*** SOURCE MATERIAL Section Begins ***

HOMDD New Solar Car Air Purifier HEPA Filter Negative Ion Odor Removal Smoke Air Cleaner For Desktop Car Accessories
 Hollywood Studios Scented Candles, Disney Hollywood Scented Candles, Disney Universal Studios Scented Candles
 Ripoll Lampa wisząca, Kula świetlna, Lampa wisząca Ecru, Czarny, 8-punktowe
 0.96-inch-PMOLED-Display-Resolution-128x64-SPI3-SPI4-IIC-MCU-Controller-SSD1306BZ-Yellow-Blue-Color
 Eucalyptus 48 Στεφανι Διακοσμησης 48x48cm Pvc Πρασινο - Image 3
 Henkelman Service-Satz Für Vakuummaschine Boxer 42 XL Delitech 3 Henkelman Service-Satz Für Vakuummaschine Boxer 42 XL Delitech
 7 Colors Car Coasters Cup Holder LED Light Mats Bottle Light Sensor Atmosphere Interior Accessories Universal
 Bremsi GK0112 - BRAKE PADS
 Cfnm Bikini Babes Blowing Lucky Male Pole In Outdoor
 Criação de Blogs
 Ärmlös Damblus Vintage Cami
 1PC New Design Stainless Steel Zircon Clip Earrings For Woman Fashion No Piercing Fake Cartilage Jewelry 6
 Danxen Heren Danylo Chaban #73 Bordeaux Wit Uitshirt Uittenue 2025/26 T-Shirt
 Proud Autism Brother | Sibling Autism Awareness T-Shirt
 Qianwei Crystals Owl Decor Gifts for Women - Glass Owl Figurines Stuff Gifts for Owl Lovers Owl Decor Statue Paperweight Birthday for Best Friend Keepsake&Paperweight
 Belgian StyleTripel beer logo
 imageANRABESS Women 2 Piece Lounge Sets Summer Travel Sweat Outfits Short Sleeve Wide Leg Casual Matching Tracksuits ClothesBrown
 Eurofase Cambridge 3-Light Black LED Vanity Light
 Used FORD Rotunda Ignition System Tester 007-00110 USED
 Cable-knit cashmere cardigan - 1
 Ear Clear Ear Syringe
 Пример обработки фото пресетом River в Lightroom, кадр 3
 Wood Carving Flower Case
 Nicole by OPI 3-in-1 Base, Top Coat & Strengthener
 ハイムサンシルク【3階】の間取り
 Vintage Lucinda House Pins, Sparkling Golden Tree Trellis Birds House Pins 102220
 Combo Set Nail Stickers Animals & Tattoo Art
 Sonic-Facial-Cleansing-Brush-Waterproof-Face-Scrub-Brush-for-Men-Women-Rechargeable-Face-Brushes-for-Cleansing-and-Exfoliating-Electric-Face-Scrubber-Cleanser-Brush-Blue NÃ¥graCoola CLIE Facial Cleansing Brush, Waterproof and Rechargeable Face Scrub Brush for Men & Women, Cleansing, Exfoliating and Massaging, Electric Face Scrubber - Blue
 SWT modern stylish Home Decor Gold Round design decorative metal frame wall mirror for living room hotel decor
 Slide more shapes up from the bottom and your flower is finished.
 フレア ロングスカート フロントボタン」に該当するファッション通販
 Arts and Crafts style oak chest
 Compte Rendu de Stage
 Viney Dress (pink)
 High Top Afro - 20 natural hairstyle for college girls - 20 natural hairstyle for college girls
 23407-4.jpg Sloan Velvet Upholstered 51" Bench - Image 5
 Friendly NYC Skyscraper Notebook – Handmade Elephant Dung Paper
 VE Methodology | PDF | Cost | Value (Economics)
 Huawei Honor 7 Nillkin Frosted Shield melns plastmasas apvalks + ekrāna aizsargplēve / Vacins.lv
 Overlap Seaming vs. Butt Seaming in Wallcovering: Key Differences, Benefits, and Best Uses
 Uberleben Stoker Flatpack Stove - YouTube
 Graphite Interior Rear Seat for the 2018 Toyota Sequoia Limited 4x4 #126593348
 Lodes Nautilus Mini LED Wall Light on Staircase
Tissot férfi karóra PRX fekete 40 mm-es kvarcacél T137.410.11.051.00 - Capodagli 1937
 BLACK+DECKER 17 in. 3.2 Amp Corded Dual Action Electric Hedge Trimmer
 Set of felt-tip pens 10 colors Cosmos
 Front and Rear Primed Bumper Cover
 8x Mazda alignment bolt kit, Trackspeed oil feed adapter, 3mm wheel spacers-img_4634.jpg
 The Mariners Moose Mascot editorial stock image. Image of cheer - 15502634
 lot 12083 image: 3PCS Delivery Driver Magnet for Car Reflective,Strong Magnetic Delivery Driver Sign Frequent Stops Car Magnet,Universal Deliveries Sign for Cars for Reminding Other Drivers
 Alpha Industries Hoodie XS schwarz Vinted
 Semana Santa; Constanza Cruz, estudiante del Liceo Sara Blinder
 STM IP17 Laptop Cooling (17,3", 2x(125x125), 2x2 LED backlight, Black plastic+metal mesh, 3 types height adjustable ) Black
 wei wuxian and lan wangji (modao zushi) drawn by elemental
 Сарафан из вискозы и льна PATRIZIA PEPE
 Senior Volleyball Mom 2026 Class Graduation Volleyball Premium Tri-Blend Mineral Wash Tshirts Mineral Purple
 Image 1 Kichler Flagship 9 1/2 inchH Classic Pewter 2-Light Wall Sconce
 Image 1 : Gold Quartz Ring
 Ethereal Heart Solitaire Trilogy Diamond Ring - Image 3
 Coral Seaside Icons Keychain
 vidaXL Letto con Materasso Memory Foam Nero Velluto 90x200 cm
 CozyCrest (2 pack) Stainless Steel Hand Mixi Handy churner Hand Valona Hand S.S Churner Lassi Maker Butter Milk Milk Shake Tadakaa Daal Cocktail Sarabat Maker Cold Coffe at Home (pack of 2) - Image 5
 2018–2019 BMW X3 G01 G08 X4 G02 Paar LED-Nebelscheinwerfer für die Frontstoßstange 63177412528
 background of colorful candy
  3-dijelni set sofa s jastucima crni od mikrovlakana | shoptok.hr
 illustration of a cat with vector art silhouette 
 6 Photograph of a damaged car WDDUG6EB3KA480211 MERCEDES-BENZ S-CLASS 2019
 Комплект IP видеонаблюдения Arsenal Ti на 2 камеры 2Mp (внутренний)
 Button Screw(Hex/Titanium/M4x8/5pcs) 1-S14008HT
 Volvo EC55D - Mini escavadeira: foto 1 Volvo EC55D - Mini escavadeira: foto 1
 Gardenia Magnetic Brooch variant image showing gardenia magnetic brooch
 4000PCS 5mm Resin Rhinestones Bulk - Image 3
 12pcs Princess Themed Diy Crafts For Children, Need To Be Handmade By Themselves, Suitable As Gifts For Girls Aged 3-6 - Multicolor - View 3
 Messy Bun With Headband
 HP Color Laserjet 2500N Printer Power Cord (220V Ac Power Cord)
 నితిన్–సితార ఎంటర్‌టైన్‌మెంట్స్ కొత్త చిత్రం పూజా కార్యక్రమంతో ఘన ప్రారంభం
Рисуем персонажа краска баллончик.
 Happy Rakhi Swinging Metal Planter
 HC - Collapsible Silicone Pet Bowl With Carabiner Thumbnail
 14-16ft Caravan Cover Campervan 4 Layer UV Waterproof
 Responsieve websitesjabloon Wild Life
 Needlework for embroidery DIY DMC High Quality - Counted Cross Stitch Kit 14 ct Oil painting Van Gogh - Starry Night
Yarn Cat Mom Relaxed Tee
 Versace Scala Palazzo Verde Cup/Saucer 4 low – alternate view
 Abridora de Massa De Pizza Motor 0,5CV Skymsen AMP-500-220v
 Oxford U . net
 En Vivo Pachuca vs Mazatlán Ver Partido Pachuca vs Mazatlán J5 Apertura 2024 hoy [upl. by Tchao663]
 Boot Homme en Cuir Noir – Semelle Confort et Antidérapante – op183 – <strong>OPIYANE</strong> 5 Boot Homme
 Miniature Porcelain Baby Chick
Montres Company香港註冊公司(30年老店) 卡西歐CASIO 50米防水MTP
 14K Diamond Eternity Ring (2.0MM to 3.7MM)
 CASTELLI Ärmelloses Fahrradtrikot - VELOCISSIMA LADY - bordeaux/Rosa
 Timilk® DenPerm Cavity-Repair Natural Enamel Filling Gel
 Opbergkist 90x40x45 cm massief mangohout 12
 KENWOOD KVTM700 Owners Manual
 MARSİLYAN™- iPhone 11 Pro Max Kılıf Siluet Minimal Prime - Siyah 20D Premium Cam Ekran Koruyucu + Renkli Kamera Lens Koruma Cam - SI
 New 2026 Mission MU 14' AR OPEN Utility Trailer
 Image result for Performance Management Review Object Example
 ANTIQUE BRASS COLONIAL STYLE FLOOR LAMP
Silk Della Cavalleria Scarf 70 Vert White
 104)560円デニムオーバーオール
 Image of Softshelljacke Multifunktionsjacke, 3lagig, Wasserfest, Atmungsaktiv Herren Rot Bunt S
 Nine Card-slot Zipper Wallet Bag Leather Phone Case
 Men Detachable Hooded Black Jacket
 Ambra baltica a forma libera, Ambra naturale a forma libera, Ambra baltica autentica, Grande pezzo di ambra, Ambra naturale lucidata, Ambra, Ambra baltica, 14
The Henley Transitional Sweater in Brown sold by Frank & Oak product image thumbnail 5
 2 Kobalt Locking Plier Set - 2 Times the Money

*** SOURCE MATERIAL Section Ends ***

AIM OF THE TASK — Every line of the entries that includes "Vintage" must be copied into the answer.

RESULT OF THE EXERCISE —
 Ärmlös Damblus Vintage Cami
 Vintage Lucinda House Pins, Sparkling Golden Tree Trellis Birds House Pins 102220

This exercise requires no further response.